Уж один вид входившего Липутина заявлял, что на этот раз он имеет особенное право войти, несмотря на все запрещения. Он вел за собою одного неизвестного господина, должно быть приезжего. В ответ на бессмысленный взгляд остолбеневшего Степана Трофимовича он тотчас же и громко воскликнул:
– Гостя веду, и особенного! Осмеливаюсь нарушить уединение. Господин Кириллов, замечательнейший инженер-строитель. А главное, сынка вашего знают, многоуважаемого Петра Степановича; очень коротко-с; и поручение от них имеют. Вот только что пожаловали.
– О поручении вы прибавили, – резко заметил гость, – поручения совсем не бывало, а Верховенского я, вправде, знаю. Оставил в X—ской губернии, десять дней пред нами.
Степан Трофимович машинально подал руку и указал садиться; посмотрел на меня, посмотрел на Липутина и вдруг, как бы опомнившись, поскорее сел сам, но всё еще держа в руке шляпу и палку и не замечая того.
– Ба, да вы сами на выходе! А мне-то ведь сказали, что вы совсем прихворнули от занятий.
– Да, я болен, и вот теперь хотел гулять, я… – Степан Трофимович остановился, быстро откинул на диван шляпу и палку и – покраснел.

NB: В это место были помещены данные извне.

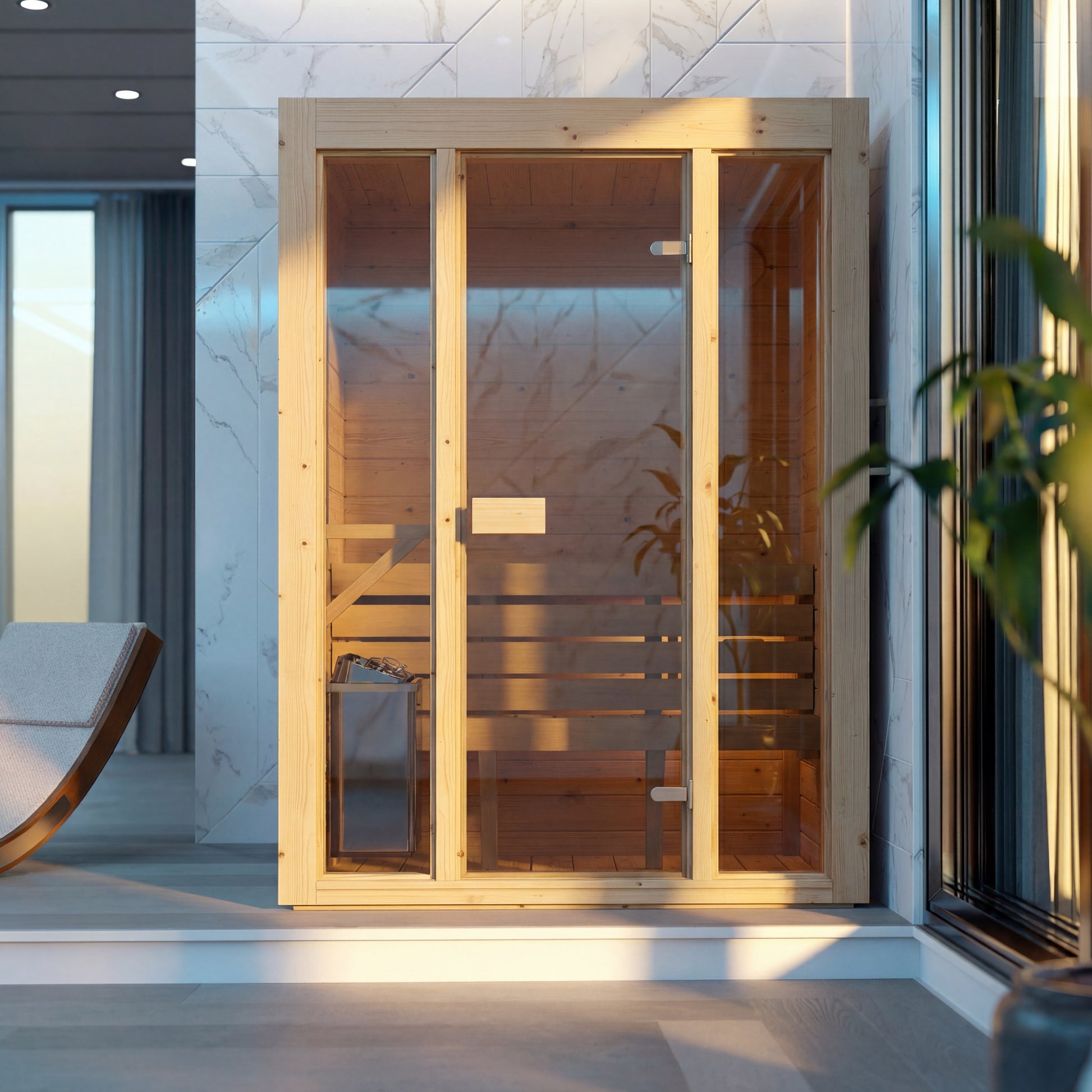 SaunaSupply 1-2 Person Dry Pine Indoor Sauna - ALLA Compact Edition | Includes Heater & Accessories (new)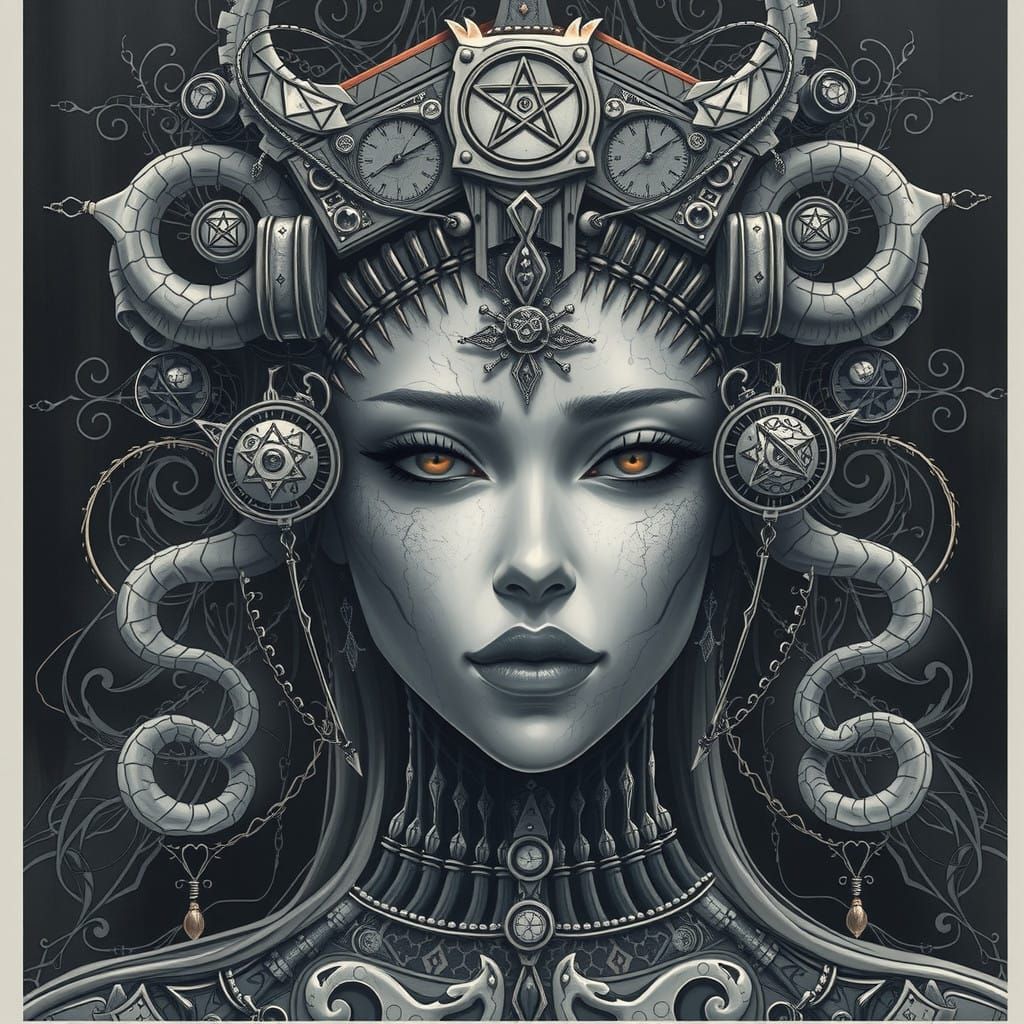 Dark Sorceress Gynoid Materializes from Mystic Mist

Я между тем наскоро рассматривал гостя. Это был еще молодой человек, лет около двадцати семи, прилично одетый, стройный и сухощавый брюнет, с бледным, несколько грязноватого оттенка лицом и с черными глазами без блеску. Он казался несколько задумчивым и рассеянным, говорил отрывисто и как-то не грамматически, как-то странно переставлял слова и путался, если приходилось составить фразу подлиннее. Липутин совершенно заметил чрезвычайный испуг Степана Трофимовича и видимо был доволен. Он уселся на плетеном стуле, который вытащил чуть не на средину комнаты, чтобы находиться в одинаковом расстоянии между хозяином и гостем, разместившимися один против другого на двух противоположных диванах. Вострые глаза его с любопытством шныряли по всем углам.
– Я… давно уже не видал Петрушу… Вы за границей встретились? – пробормотал кое-как Степан Трофимович гостю.
– И здесь и за границей.
– Алексей Нилыч сами только что из-за границы, после четырехлетнего отсутствия, – подхватил Липутин, – ездили для усовершенствования себя в своей специальности, и к нам прибыли, имея основание надеяться получить место при постройке нашего железнодорожного моста, и теперь ответа ожидают. Они с господами Дроздовыми, с Лизаветой Николаевной знакомы чрез Петра Степановича.